Photograph by Mike Fuentes/Bloomberg

A help wanted sign at the restaurant in Miami Beach, Florida.

Written by Alex Kowalski

The labor market may be perking up, a report from ADP Employer Services suggested today.

Then again, maybe it’s not.

Private employers added 162,000 workers in September, according to the Roseland, New Jersey-based firm. That’s more than economists surveyed by Bloomberg were predicting.

The ADP figures are scrutinized for clues to the Labor Department’s payrolls report, released two days later. Friday’s figures will be the next-to-last official snapshot of the job market before the Nov. 6 election.

One caveat: the two reports are based on different samples.

The Labor Department sends a survey each month to employers covering almost 500,000 work-sites asking for data on payrolls, hours and earnings. ADP analyzes payroll data from its clients.

So what do the ADP numbers tell you about what to expect on Friday?

The 162,000 ADP figure exceeds the 129,000 increase in private employment that economists are forecasting for the Labor Department report. Total employment, including government workers, probably climbed by 115,000, according to the median forecast.

Michael Carey, Credit Agricole CIB’s chief economist for North America, cautions that the ADP figures have an imperfect record of predicting the Labor Department’s numbers.

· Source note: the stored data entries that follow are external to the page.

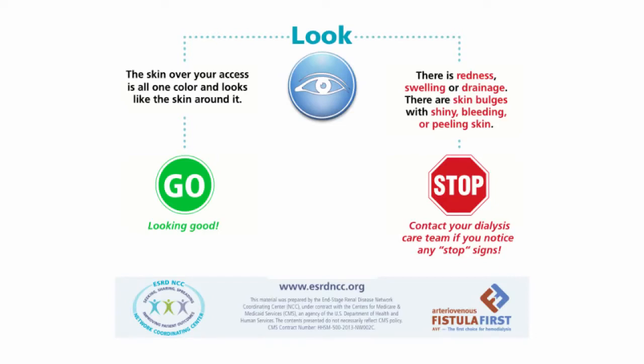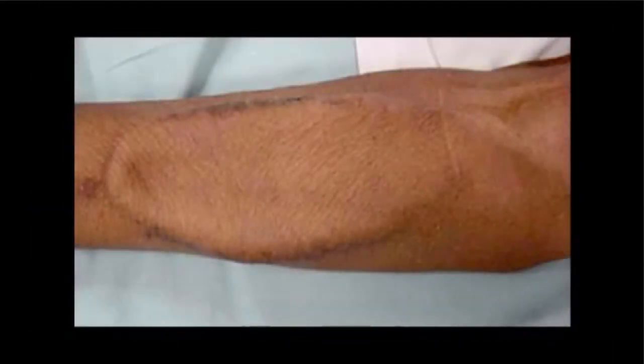What does a green light, or good to go, access look like? The skin over your access should be all one color and look like the skin around it. The first picture shows what the skin over and around a fistula should look like. The second picture shows what the skin over and around a graft should look like.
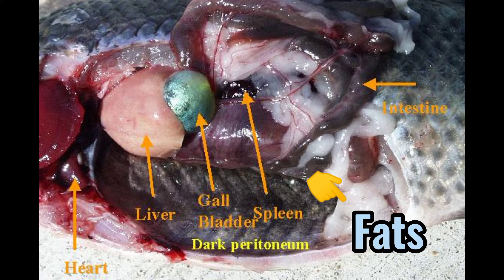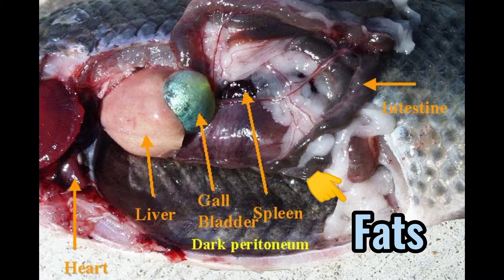Gallbladder stores bile made in the liver. Fat stores food, cushions organs, insulates, and helps keep the body of the fish warm. The brain controls the body.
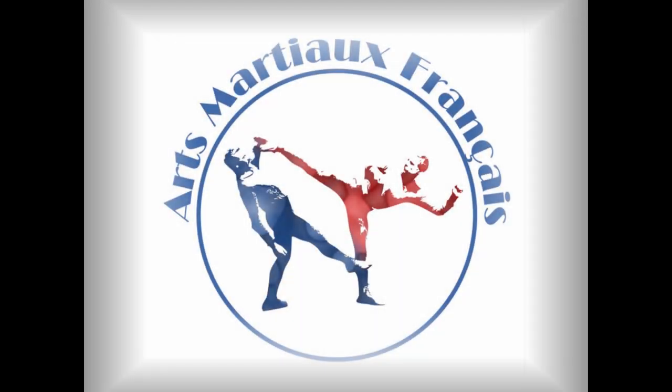Hello everyone and welcome to the channel of the French Art Martial. Today I am going to study the baton proposed by Emil André in his manual of boxing and canes. As I said before about Emil André, it comes from the method Lecour. I will not say that it is the baton Lecour, but at the time of my research, there were hypotheses built by the 19th century, or even before, compiled by various people.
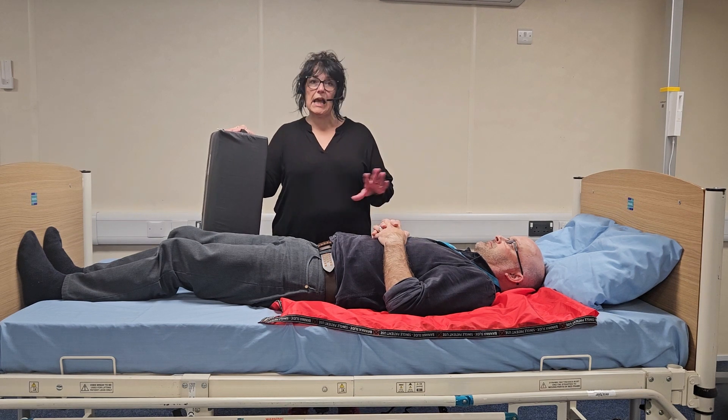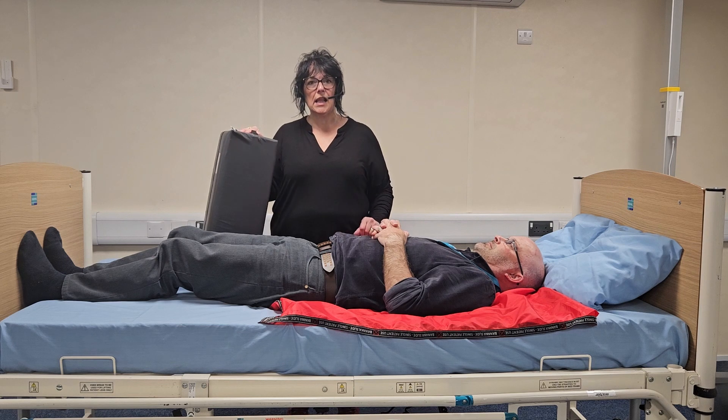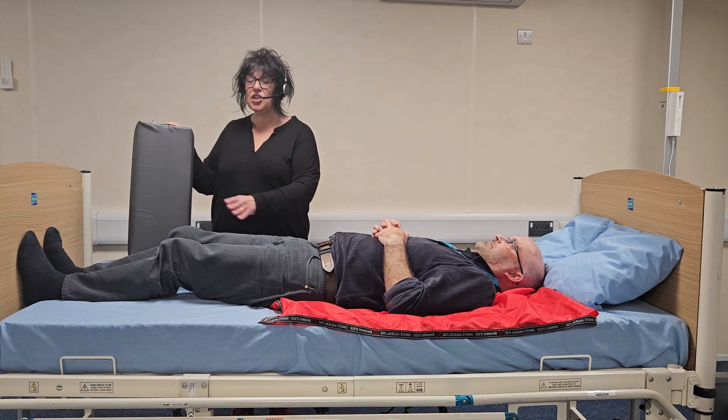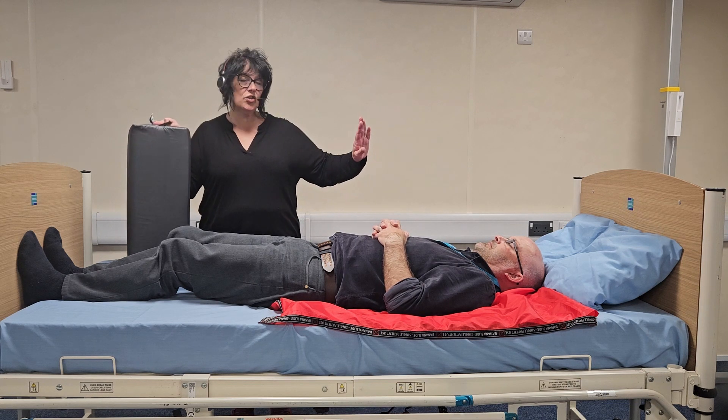This is an active slide up the bed using a positioning wedge and slide sheets. As you can see, the person is positioned too far down the bed and we need to move him up into a better position.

“Over the long term, there’s a relatively high correlation coefficient, but ADP’s performance recently has been off,” Carey said from New York. “If you go and change your forecast to take ADP into account, you’ll get it wrong. If you don’t change it, then you’ll get it wrong.”

While ADP’s figures parallel those released by the Labor Department fairly closely in the past decade (largely because they are subsequently revised to better match the government data), in the short run the two measures often go in different directions.

Just last month, the ADP reported that private employers added 201,000 workers in August — almost double the Labor Department’s figure of 103,000.

Forecasters might be better off sticking to their own projections. Economists surveyed by Bloomberg misprojected the government’s initial private payrolls release by an average of   46,000 in the 12 months ended in August, according to their median estimates. ADP was off by an average of 57,000.

Carey predicts the Labor Department report will show a total of 135,000 jobs were created in September. He raised his estimate from 125,000, but not because of the ADP report: data this week from the Institute for Supply Management showed manufacturing hiring was stronger than anticipated.

And even if the ADP numbers prove on Friday to be accurate predictors, they don’t indicate that employment is going strong, Carey said.

“The labor market is still sluggish,” he said.